The next stage, towards mid-winter, is that you may observe matings. The female can lay fertile eggs for a week or more after a mating. Then one day (if you are observing here in the wild) the male will disappear – he has a nest full of eggs somewhere in the bush, and he is incubating.



Note about Space: the following we’ve discussed many times:



the dynamics of emu life -- access to water, access to pastures, access to extra yummy food sources, gaining command of a territory to breed on – involves plenty of emus to choose from, and running away if the bird you’ve encountered is more powerful.
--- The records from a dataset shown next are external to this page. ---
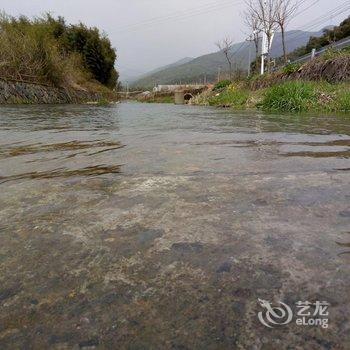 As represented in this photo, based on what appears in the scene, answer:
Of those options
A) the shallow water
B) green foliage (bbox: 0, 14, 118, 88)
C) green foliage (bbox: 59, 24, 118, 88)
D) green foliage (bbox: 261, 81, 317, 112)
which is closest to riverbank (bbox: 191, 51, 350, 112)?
green foliage (bbox: 261, 81, 317, 112)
Pet/captive emu owners sort of don’t see this aspect. They think in terms of one or two or three or four emus, and put them in a paddock, and voila, baby emus! But I am fairly sure that it is not automatic that a male and a female kept together will mate – I look forward to your observations.
Mid-winter here is well below freezing every night, sometimes in the negative *F. How does the male keep the eggs from getting ruined in the cold?

I am not really interested in producing a lot of chicks, maybe enough to offset the feed bill. What I am interested in is watching and interacting with these fascinating birds.

And of feed: I read you only supplement a little wheat as you are totally wild and free range but is there a recommended protein level we should shoot for? So far I have been feeding about a half gallon of equal parts pheasant pellets, scratch grains, and dog food. Today I learned they much prefer the lamb feed.
 
Got coffee. Will try to break down This Big Subject into bite-sized chunks -- certainly I am enthusiastic to help and understand. So:

'How does the male keep the eggs from getting ruined in the cold?'

To begin, the range of temperatures across the habitat of emus varies enormously, but your question is valid, and we've discussed it in the past.

My best (brief) swing at this is that there is a period of some days between the egg being laid, and it becoming non-viable. There's some miracle here whereby the female lays eggs over some number of days, and the male stashes them.

Now comes the annoying part about interacting with me/Planet Rothschildi: we have a lot of data on some things; a little on other things; none on some things; wild guesses about everything; and regular changes of our conclusions.